The new procurement rules are like those of the Massachusetts Renewable Portfolio Standard, while the emissions targets are stricter than CO2limits under the Regional Greenhouse Gas Initiative, the cap-and-trade system agreed on by nine Northeastern states.
Pushed to Act
The state acted in response to a 2014 lawsuit by the Conservation Law Foundation that accused Massachusetts officials of failing to enact regulations needed to meet the targets set by the 2008 Global Warming Solutions Act. The state’s top court ruled in favor of CLF in May 2016.
CLF helped win passage of the climate change law, which requires Massachusetts to issue regulations to incrementally reduce greenhouse gas emissions each year.
“These rules re-establish the commonwealth as a national leader in developing sensible, enforceable standards to transition our economy to a low-carbon future,” CLF President Bradley Campbell said in a statement. “Much more needs to be done, and Gov. [Charlie] Baker’s leadership will be essential to getting neighboring states to take meaningful action to prepare New England for the energy future being shaped by the Paris Climate Agreement.”
20-year levelized cost of renewable energy resources | Mass. DOER
Last September, Baker issued an executive order that set a deadline of Aug. 11 for the secretary of energy and environmental Affairs and the Department of Environmental Protection to have “designed such regulations to ensure that the commonwealth meets the 2020 statewide emissions limit mandated by the GWSA.”
That limit — a 25% reduction in emissions below 1990 levels — was established seven years ago by the state to meet the GWSA requirement of a minimum 80% reduction by 2050. Officials estimate that by 2014, Massachusetts had already cut carbon emissions by 21% from 1990 levels.

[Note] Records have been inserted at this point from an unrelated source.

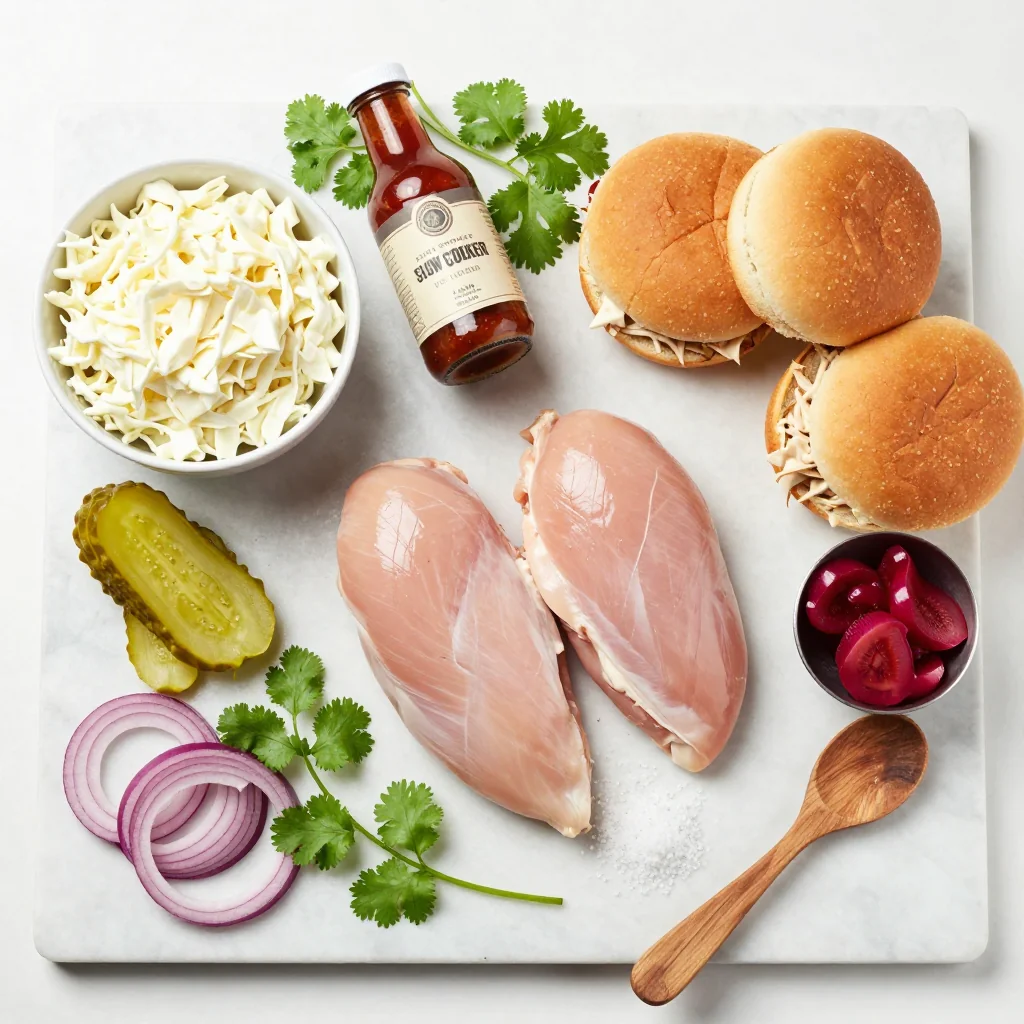 All ingredients for Slow Cooker Pulled Chicken Sandwiches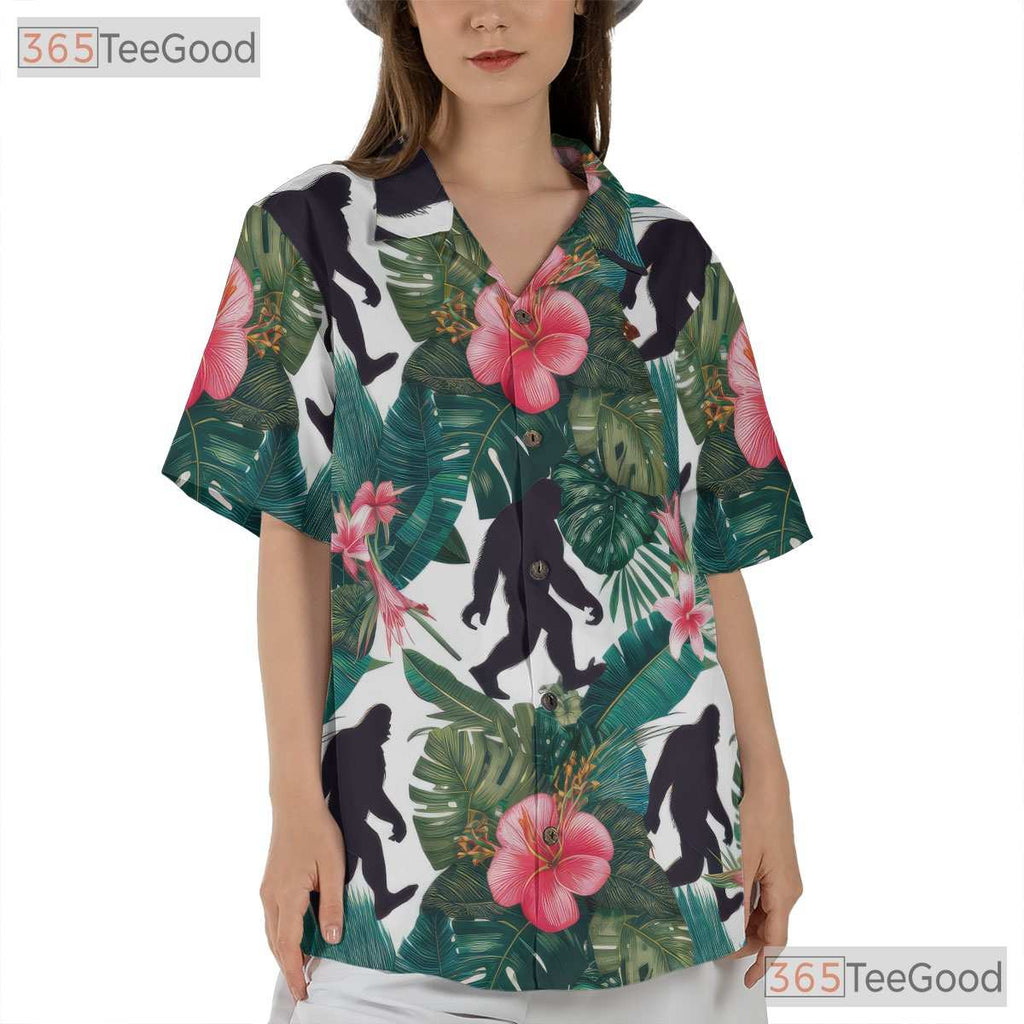 Seamless Jungle Floral Bigfoot Hawaiian Tee - Men's Home Beach Aloha Shirt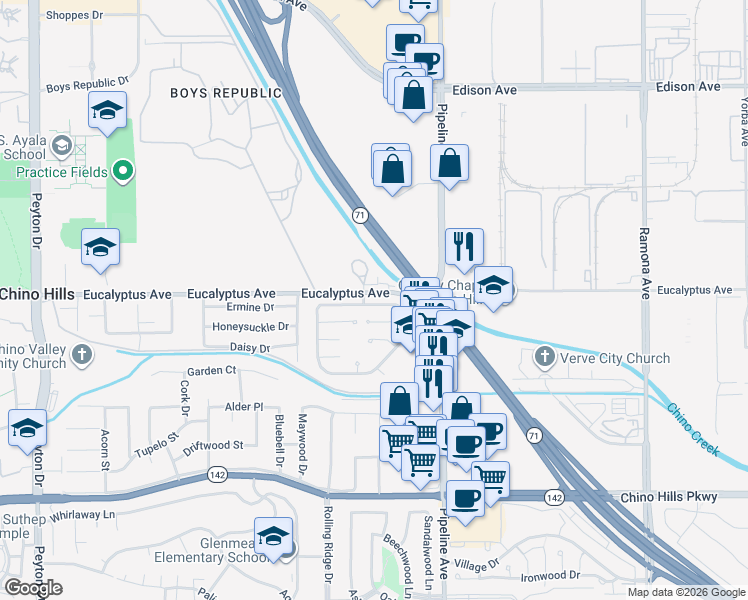 map of restaurants, bars, coffee shops, grocery stores, and more near 4008 Yellowstone Circle in Chino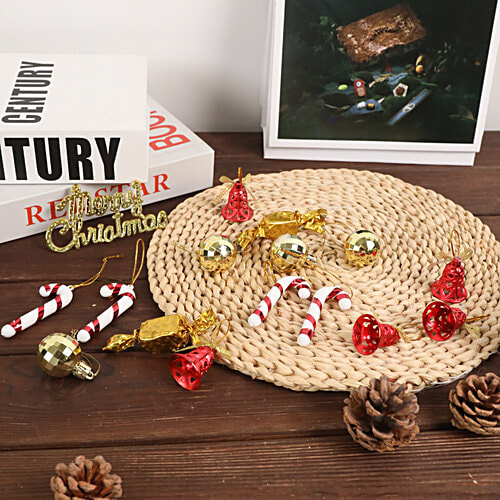 DP Christmas Pendant Ornaments - Colourful Glitter, Red & Golden, 16 pcs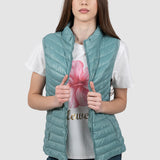 Vestă damă matlasată cu fermoar mint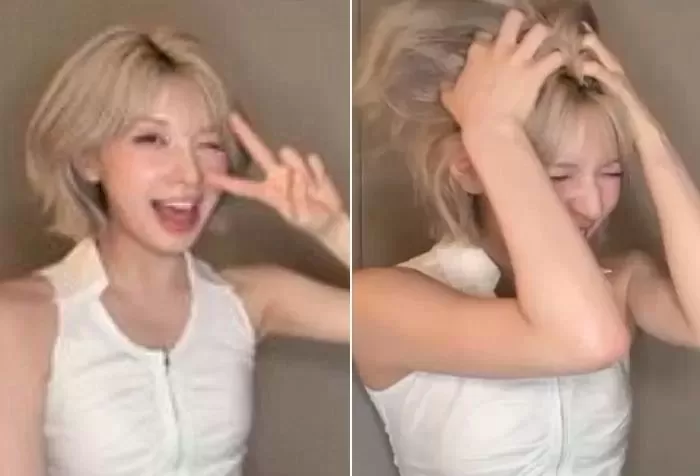 korean celebrities election voting photoswoman-blonde-peace-laughing.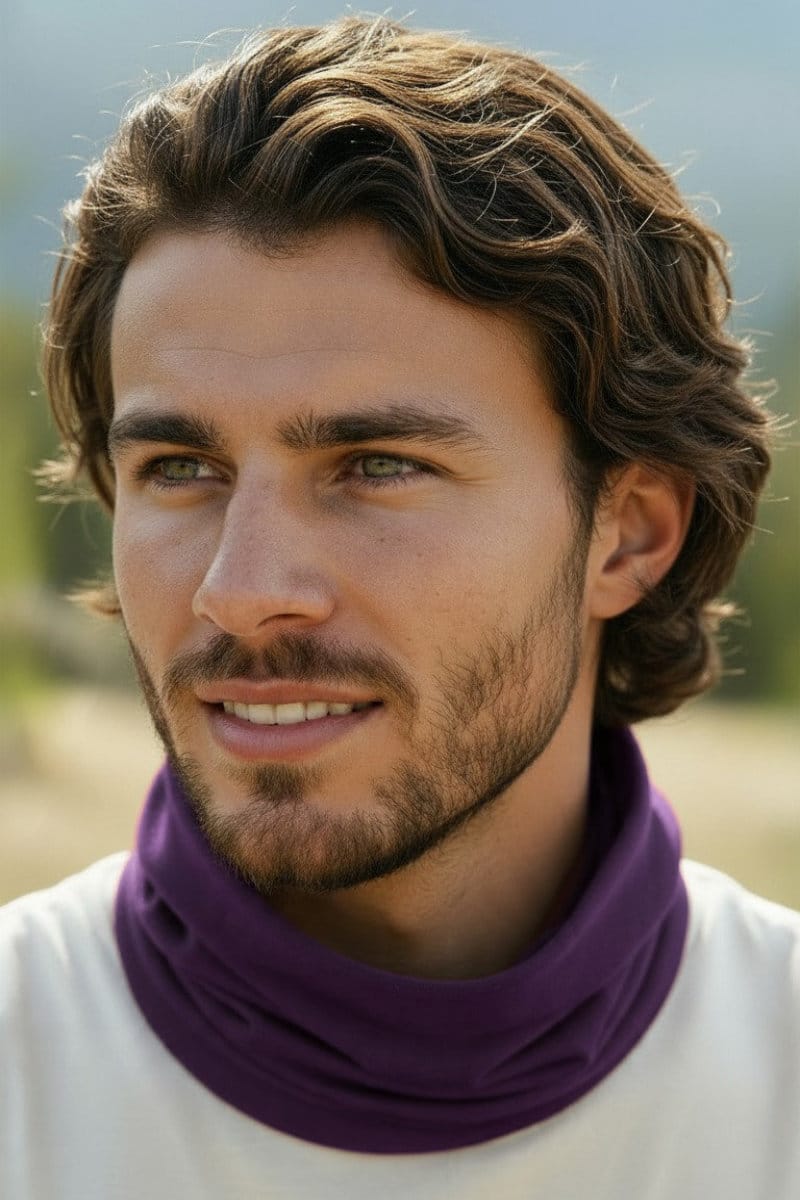 Pure Baby Alpaca Thermal Neck Gaiter in Plum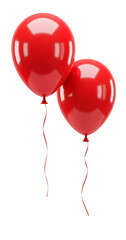 Two shiny red balloons against a white background.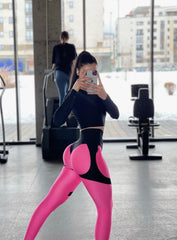 Leggings FITRUN Leggings Super Nuts Corsage Push-Up "Shine Barbie"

“These regulations will help ensure the commonwealth meets the rigorous emission reductions limits established in the Global Warming Solutions Act in order to protect our residents, communities and natural resources from the effects of climate change,” Baker said.
Limited Effect on Consumers
The DEP concluded that the emissions targets and clean procurement rules would likely increase customer electricity bills by 1 to 2% per year.
The Bay State has been busy this year ramping up its environmental regulations. Officials earlier this summer announced that the state’s electric distribution utilities must procure a combined 200 MWh of energy storage by Jan. 1, 2020. (See Massachusetts Underwhelms with 200-MWh Storage Target.)
In late July, the state received more than half a dozen proposals to meet its call for 9.45 TWh a year of renewable generation. Projects will be selected next January, with contracts to be submitted in late April. (See Hydro-Québec Dominates Mass. Clean Energy Bids.)
In response to public comment, the final CES included limited grandfathering to accommodate electricity sold in 2018 and 2019 under existing contracts. For the next three years, the alternative compliance payment rate is being increased to 75% of the RPS amount, but it will drop to 50% of the RPS amount in 2021. The use of banked clean energy credits is not allowed until 2021.
allowance prices assumed in the main scenarios, (RGGI price) and alternative sensitivity price | Mass. DOER
The RGGI emissions cap represents a regional budget for CO2 emissions from the power sector, with each CO2 allowance representing an authorization to emit 1 short ton from a regulated source. The nine RGGI states agreed on a 2014 cap of 91 million short tons. The CO2 cap declines by 2.5 percentage points each year from 2015 to 2020.